• Data provided:
=-=-=

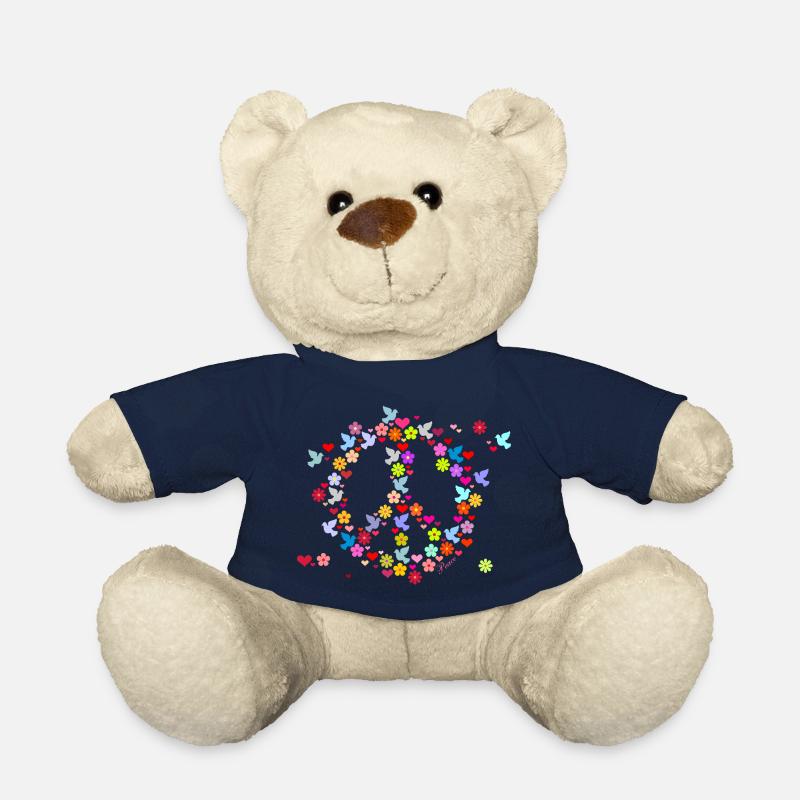 Blumenkinder Frieden / flower power peace (DDP) - Teddy Bear - french navy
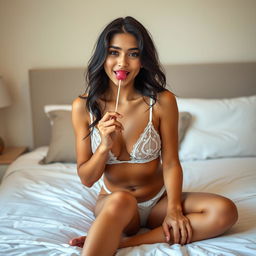 A playful scene featuring an 18-year-old Brazilian woman sitting on a bed, exuding confidence and charm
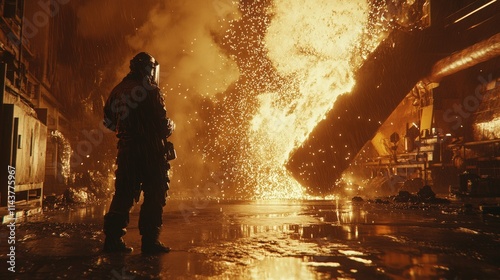 A steel mill worker in full protective gear, carefully monitoring the molten iron pour from a large furnace, with the intense glow of the molten metal contrasting against the industrial surroundings,  photo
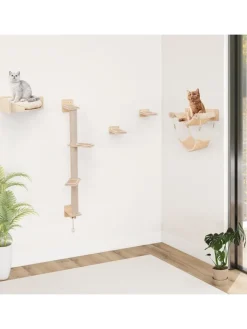 COSTWAY Katzen<5 PCS Kletterwand Katzen in Hellbraun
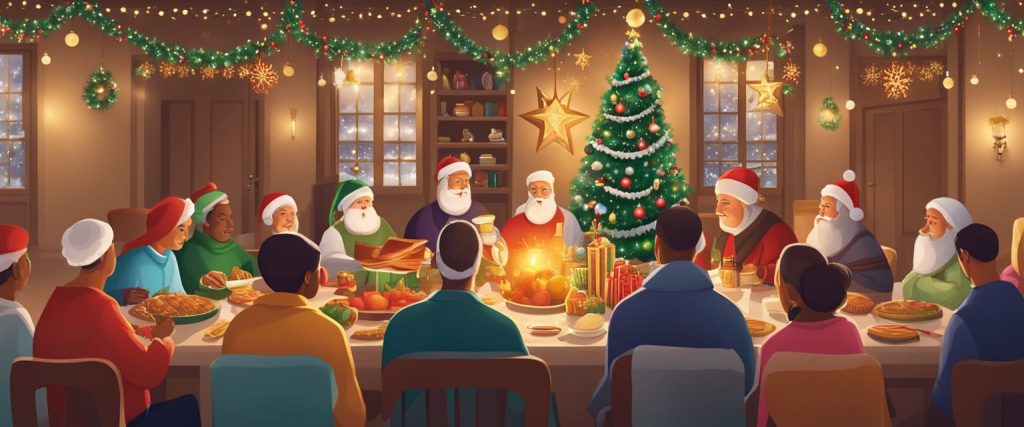 Ünnepi jelenet a világ különböző karácsonyi hagyományaival, beleértve a vallási és kulturális elemeket is.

=-=-=

• Task objective:
When the line containing "A playful scene" has been located, retype it and each line after it through the end of the records, excluding the pictures and adding nothing else.

• Answer section:
 A playful scene featuring an 18-year-old Brazilian woman sitting on a bed, exuding confidence and charm
 A steel mill worker in full protective gear, carefully monitoring the molten iron pour from a large furnace, with the intense glow of the molten metal contrasting against the industrial surroundings,  photo
 COSTWAY Katzen<5 PCS Kletterwand Katzen in Hellbraun
 Ünnepi jelenet a világ különböző karácsonyi hagyományaival, beleértve a vallási és kulturális elemeket is.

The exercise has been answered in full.